Any6D on MSR Server

This repository provides a simple Flask-based HTTP API wrapper around the original Any6D demo. Instead of running scripts locally, you can deploy the model as a network service and call it from any machine.

What it does

The server exposes a single HTTP endpoint that performs 6D pose estimation and mesh refinement using the Any6D framework.

Endpoint

POST /get_any6d_mesh

Input (multipart/form-data)

Required files:

obj - 3D mesh file in .obj format (with optional vertex colors)
color - RGB color image in .png format
intrinsic - Camera intrinsic matrix in .npy format (3×3 matrix)
mask - Binary mask image in .png format (object segmentation)
depth - Depth map in .npy format (in meters)

Optional parameters:

iteration - Number of registration iterations (default: 5)
debug - Debug level 0 or 1 (default: 0)

Processing Pipeline

The server performs the following steps:

Mesh Loading & Validation
- Loads and validates the input mesh
- Automatically simplifies large meshes (>100k faces) to prevent CUDA OOM errors
- Preserves vertex colors if present in the input mesh
Mesh Alignment
- Aligns the mesh to a canonical coordinate system using oriented bounding box (OBB)
- Scales the mesh appropriately for processing
6D Pose Registration
- Registers the mesh with the observed RGB-D data using Any6D
- Estimates the 6D pose (rotation and translation) of the object
- Refines the mesh scale and alignment based on the observed point cloud
- Uses a render-and-compare strategy with pose hypothesis generation
Mesh Refinement
- Refines the mesh geometry to better match the observed depth data
- Preserves vertex colors from the original mesh when possible

Output

Returns a refined .obj mesh file as an attachment with:

Updated vertex positions based on the registered pose and scale
Preserved vertex colors (if present in the input)
Optimized geometry aligned with the observed RGB-D data

Use Cases

Novel object pose estimation - Estimate 6D pose of objects without prior training
Mesh refinement - Refine 3D meshes using RGB-D observations
Scale estimation - Recover metric scale from a single RGB-D image
Cross-environment adaptation - Handle variations in lighting, occlusions, and viewpoints

Installation

Follow the following steps to install Any6D on the MSR server.

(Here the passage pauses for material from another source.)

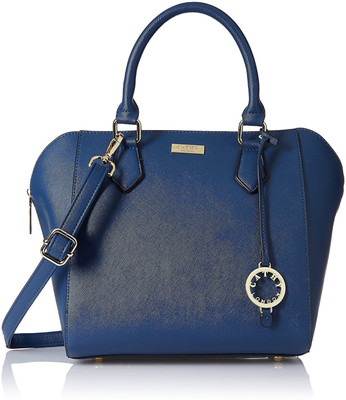 

Cathy London Hand-held Bag(Blue)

git clone https://github.com/0nhc/Any6D.git
cd Any6D
micromamba create -n any6d python=3.10
micromamba activate any6d
micromamba install conda-forge::eigen=3.4.0 conda-forge::cuda-toolkit=12.1 boost
pip install -r requirements.txt
python -m pip install --quiet --no-cache-dir git+https://github.com/NVlabs/nvdiffrast.git
pip install --extra-index-url https://miropsota.github.io/torch_packages_builder pytorch3d==0.7.8+pt2.4.1cu121
CMAKE_PREFIX_PATH=$CONDA_PREFIX/lib/python3.10/site-packages/pybind11/share/cmake/pybind11 bash foundationpose/build_all_conda.sh

# Download Model Weights of FoundationPose
cd foundationpose/weights
./download_weights.sh
cd ../..

Quick Start

# Run these commands on the Lamb or Sheep server.
export CUDA_HOME=$CONDA_PREFIX
export CPATH=$CONDA_PREFIX/targets/x86_64-linux/include:$CONDA_PREFIX/include:$CPATH
export LD_LIBRARY_PATH=$CONDA_PREFIX/targets/x86_64-linux/lib:$CONDA_PREFIX/lib:$LD_LIBRARY_PATH
python flask_server.py

# Run this script on your own laptop.
python flask_client.py

Any6D: Model-free 6D Pose Estimation of Novel Objects

This is the official implementation of our paper accepted by CVPR 2025

[Website] [Paper]

Authors: Taeyeop Lee, Bowen Wen, Minjun Kang, Gyuree Kang, In So Kweon, Kuk-Jin Yoon

Abstract

We introduce Any6D, a model-free framework for 6D object pose estimation that requires only a single RGB-D anchor image to estimate both the 6D pose and size of unknown objects in novel scenes. Unlike existing methods that rely on textured 3D models or multiple viewpoints, Any6D leverages a joint object alignment process to enhance 2D-3D alignment and metric scale estimation for improved pose accuracy. Our approach integrates a render-and-compare strategy to generate and refine pose hypotheses, enabling robust performance in scenarios with occlusions, non-overlapping views, diverse lighting conditions, and large cross-environment variations. We evaluate our method on five challenging datasets: REAL275, Toyota-Light, HO3D, YCBINEOAT, and LM-O, demonstrating its effectiveness in significantly outperforming state-of-the-art methods for novel object pose estimation.

Installation

# create conda environment
conda create -n Any6D python=3.9

# activate conda environment
conda activate Any6D

# Install Eigen3 3.4.0 under conda environment
conda install conda-forge::eigen=3.4.0
export CMAKE_PREFIX_PATH="$CMAKE_PREFIX_PATH:/eigen/path/under/conda"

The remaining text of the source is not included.